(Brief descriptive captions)
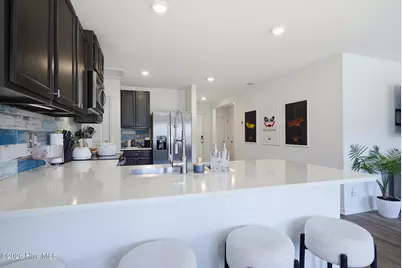 677 Chester Way NE, Leland, NC 28451 - Photo 10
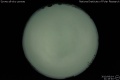 2010/9/14 21:16’40”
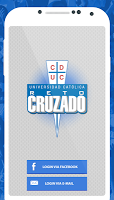 Reto Cruzado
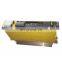 A16B-1310-0530 Motor Drive Power Supply Module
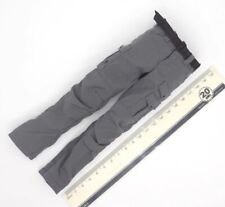 DUTCH DSI ES 26058R B 1/6 Scale Combat Pants+ Belt Model for 12'' Figure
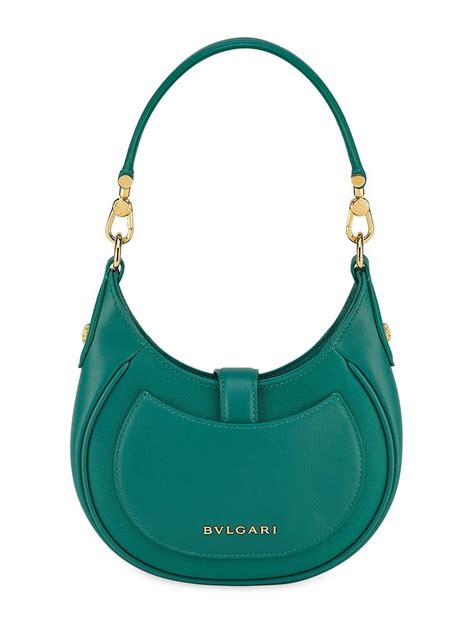 saks bvlgari handbags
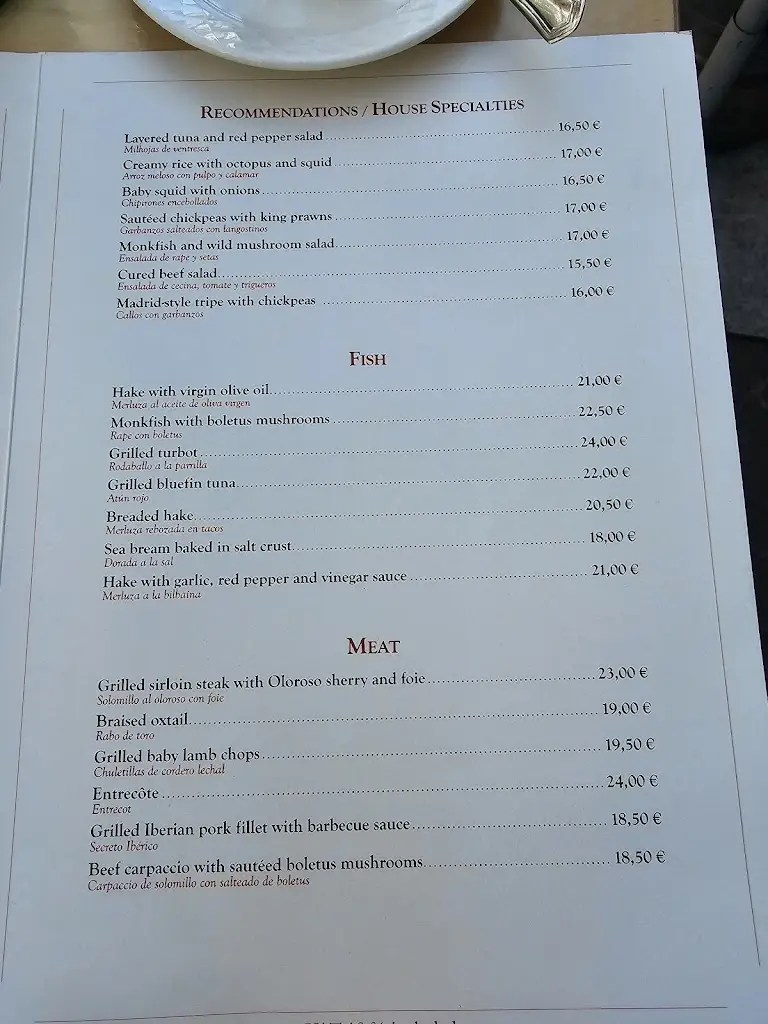 Menu_La Castela_Vrbice_image_4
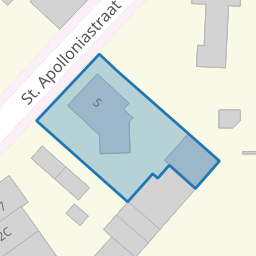 Perceel VRY00-N-2647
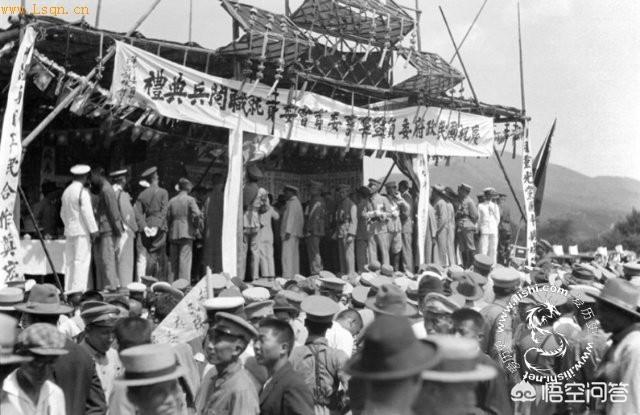 黄兴后人:为什么在国民政府中很少提及黄兴和宋教仁？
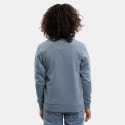 Jack & Jones Kid's Sweatshirt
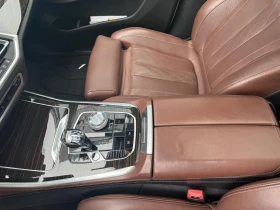 BMW X5M, снимка 9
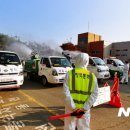 장항농장 이미지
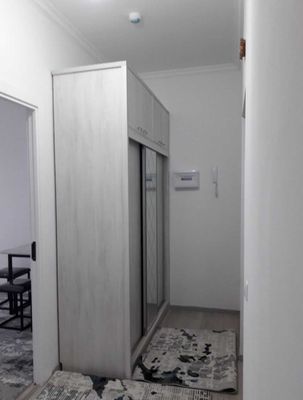 Сурочна аренда квартира бектемирский водник оилага навастройка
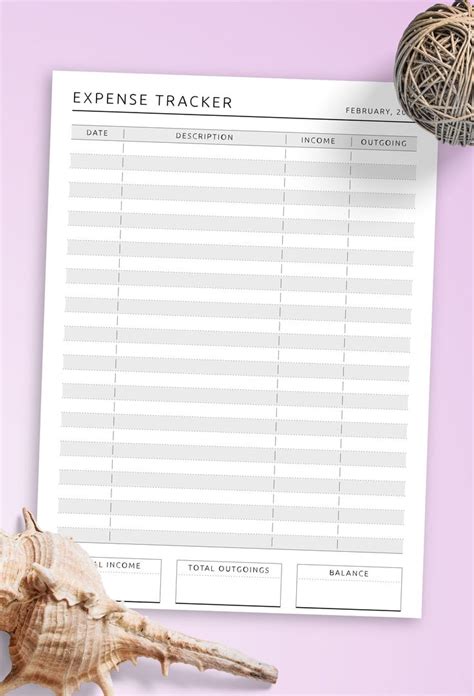 Budget Planner Template, Budget Planner Template, Planners And ...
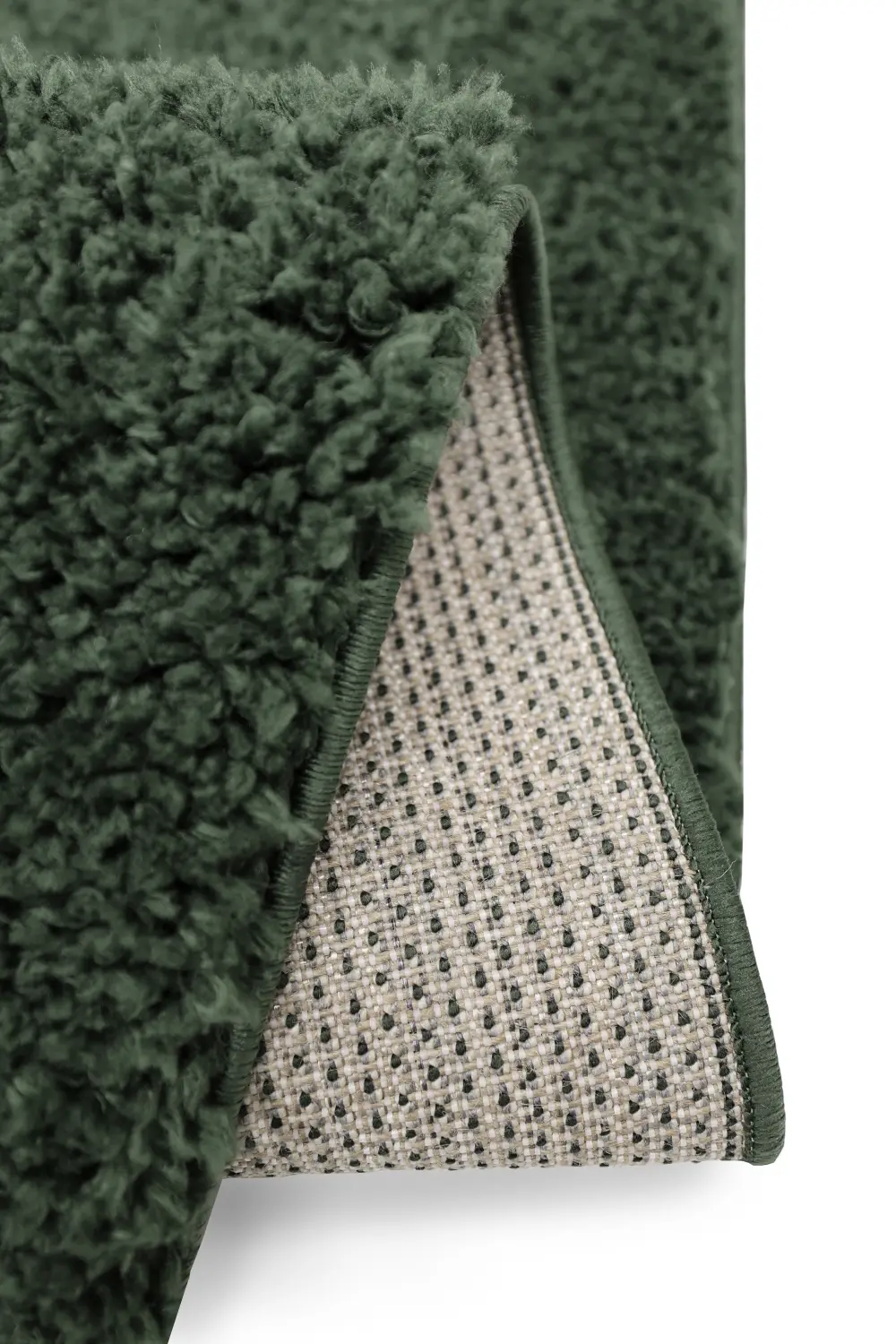 TWIST Greens - Image 4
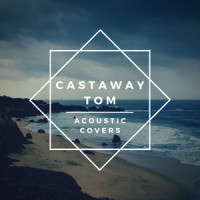 You Make Me Wanna_Castaway Tom,Electric Pineapple,Nate James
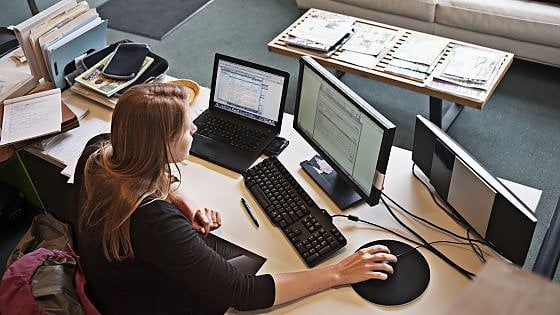 Il bando per le imprese, Lo Bello: "Risorse ancora disponibili, tutto regolare"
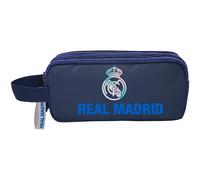 Real Madrid Pt92-14rm Pencil Case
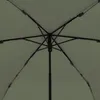doppler parapluie de poche parapluie Zero,99 Uni Ivy Green Voir les images du produit 11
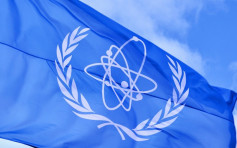 IAEA指北韓續推動核計畫 美制裁俄航運公司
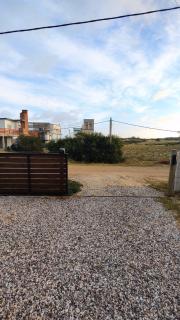 Alquiler temporal en Sauce de Portezuelo - 5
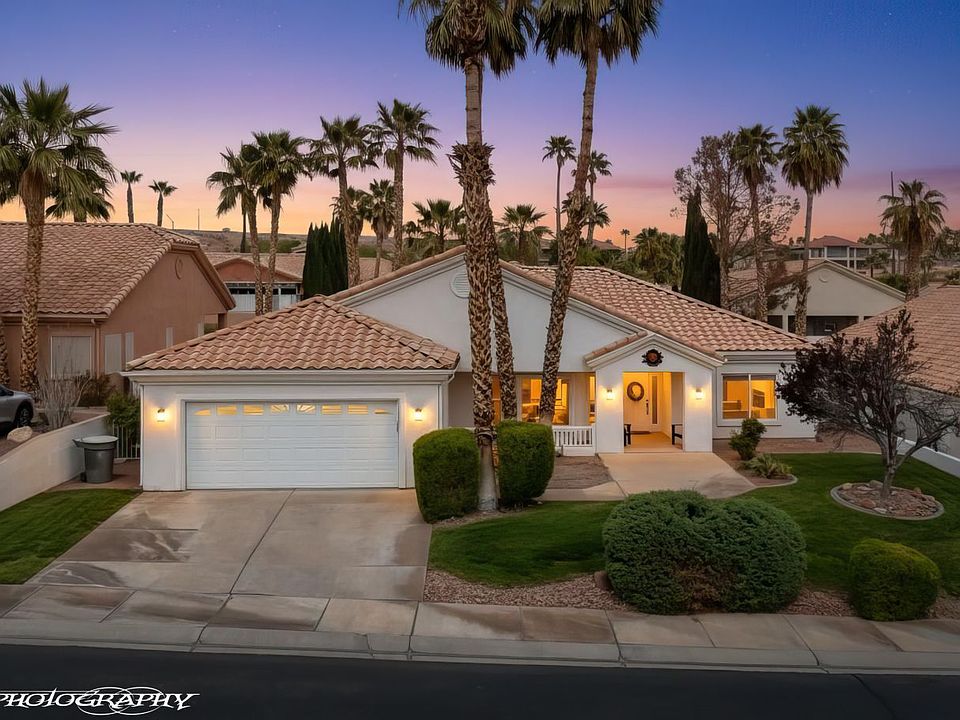 1st image of 589 Casa Grande Cir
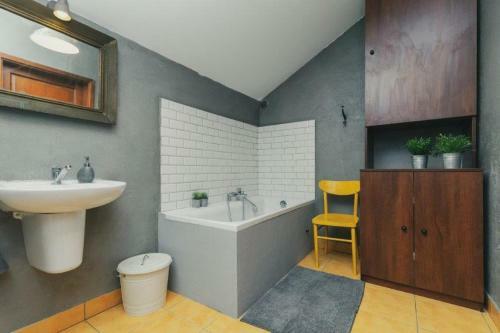 Apartament Stare Miasto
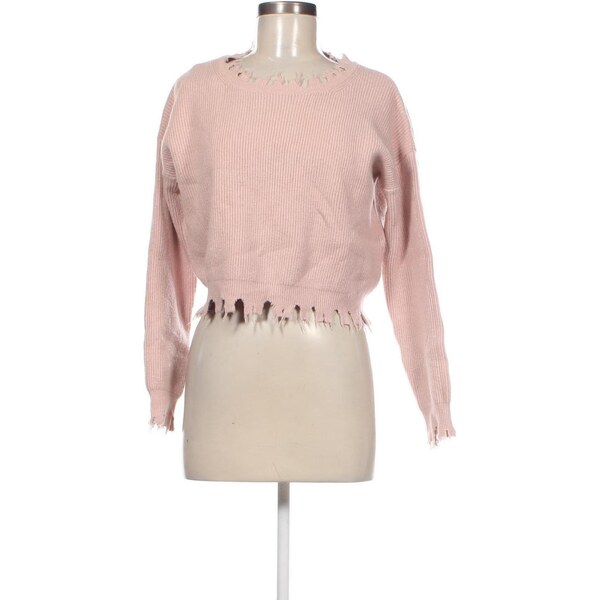 Dámsky pulóver Unbranded 62072987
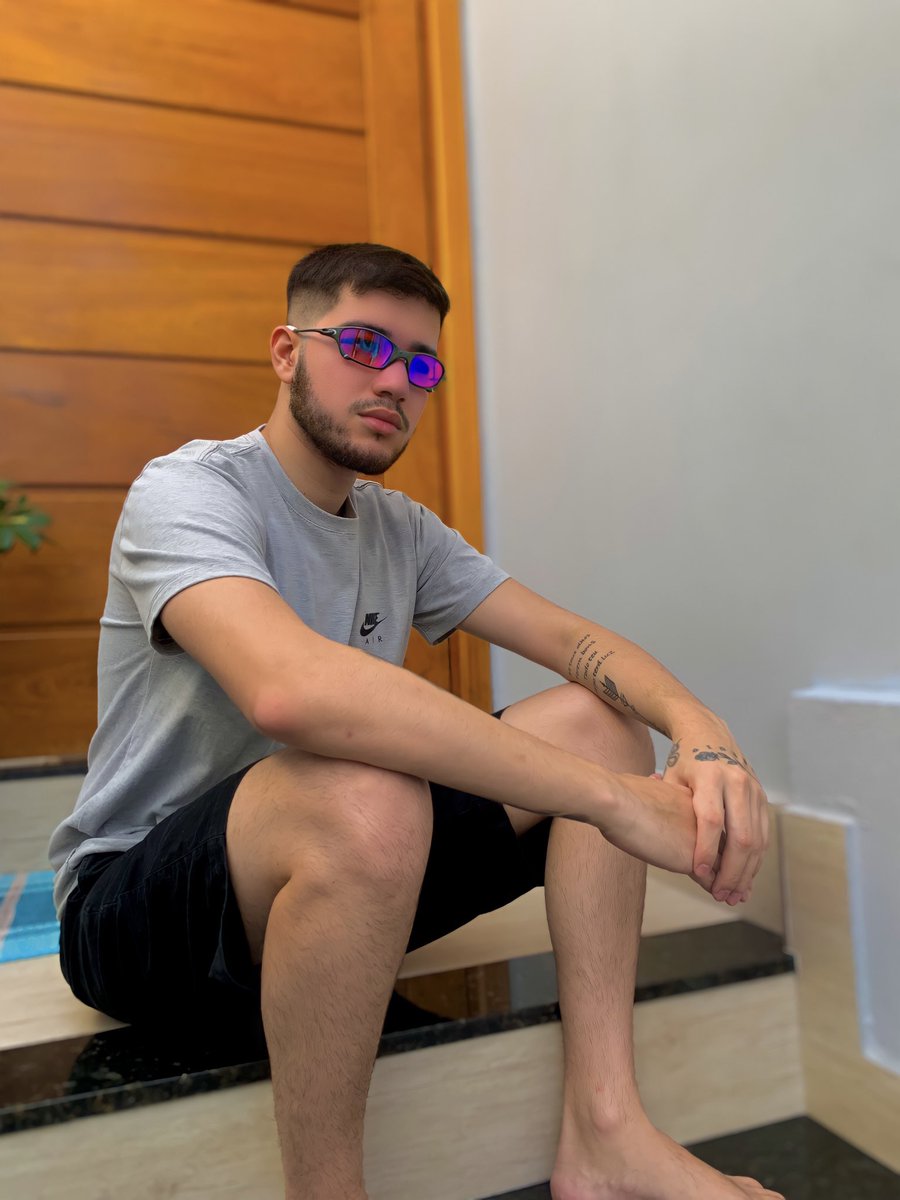 P3LANDA's tweet image.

Task details: Above are records; repeat only the lines from the line with "BMW X5M, снимка 9" through the line with "Real Madrid Pt92-14rm Pencil Case", and leave pictures out.

Answer box:
 BMW X5M, снимка 9
 장항농장 이미지
 Сурочна аренда квартира бектемирский водник оилага навастройка
 Budget Planner Template, Budget Planner Template, Planners And ...
 TWIST Greens - Image 4
 You Make Me Wanna_Castaway Tom,Electric Pineapple,Nate James
 Il bando per le imprese, Lo Bello: "Risorse ancora disponibili, tutto regolare"
 Real Madrid Pt92-14rm Pencil Case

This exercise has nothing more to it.